BEGIN Data block

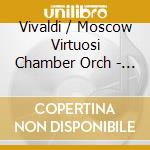 Vivaldi / Moscow Virtuosi Chamber Orch - Ctos Op 10 cd musicale di Michala Petri
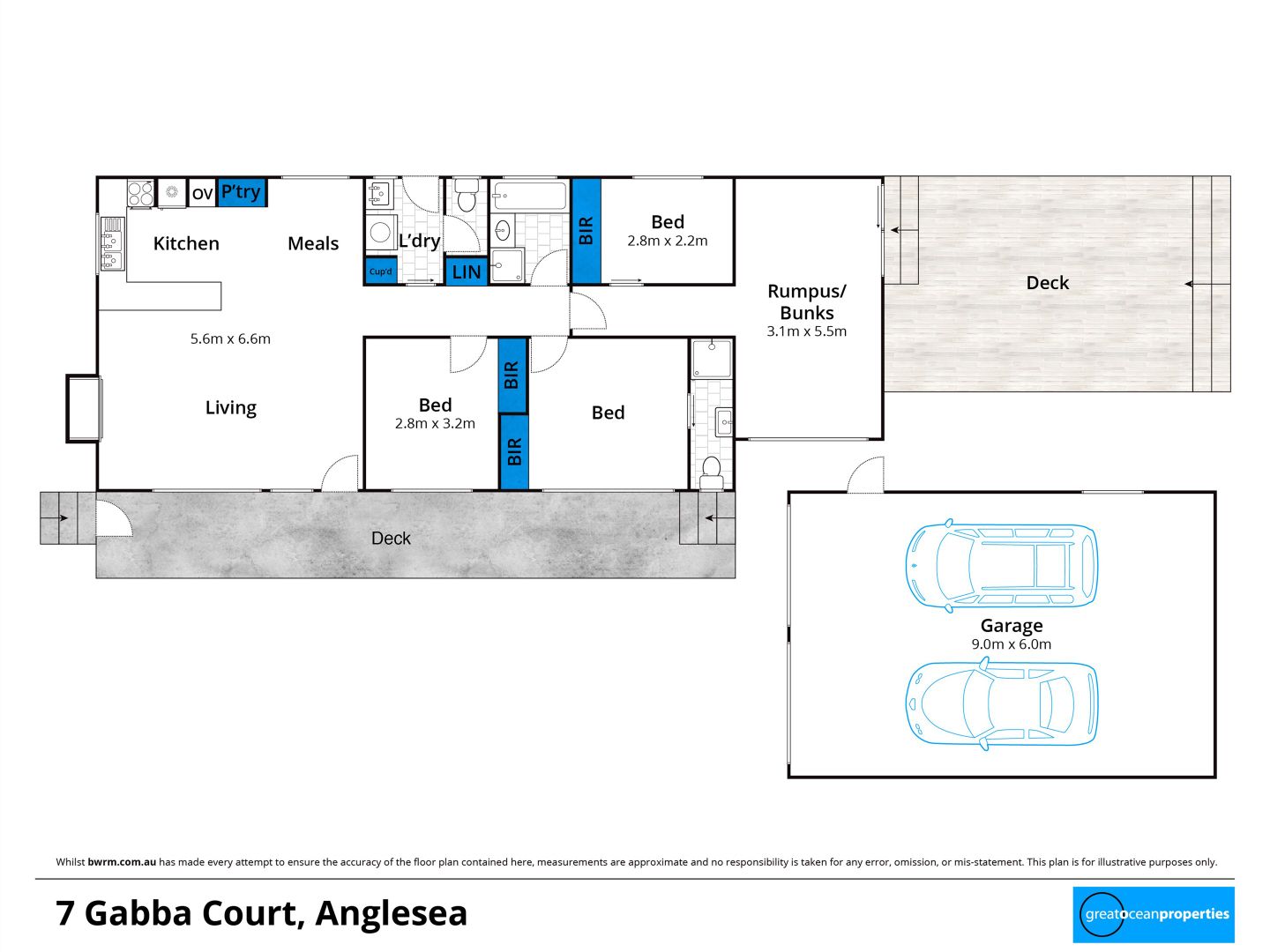 7 Gabba Court, Anglesea VIC 3230, Image 1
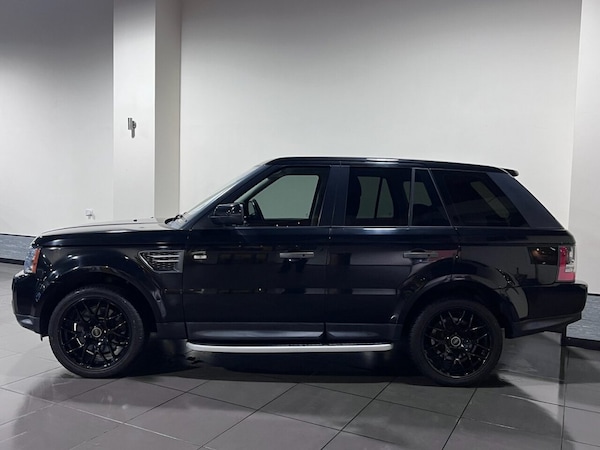 Used Land Rover Range Rover Sport 2011 for sale - 76297080: Photo 4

END Data block

### Action item:
Copy the lines above exactly and exclude every image.

### Result of the task:
 Vivaldi / Moscow Virtuosi Chamber Orch - Ctos Op 10 cd musicale di Michala Petri
 7 Gabba Court, Anglesea VIC 3230, Image 1
 Used Land Rover Range Rover Sport 2011 for sale - 76297080: Photo 4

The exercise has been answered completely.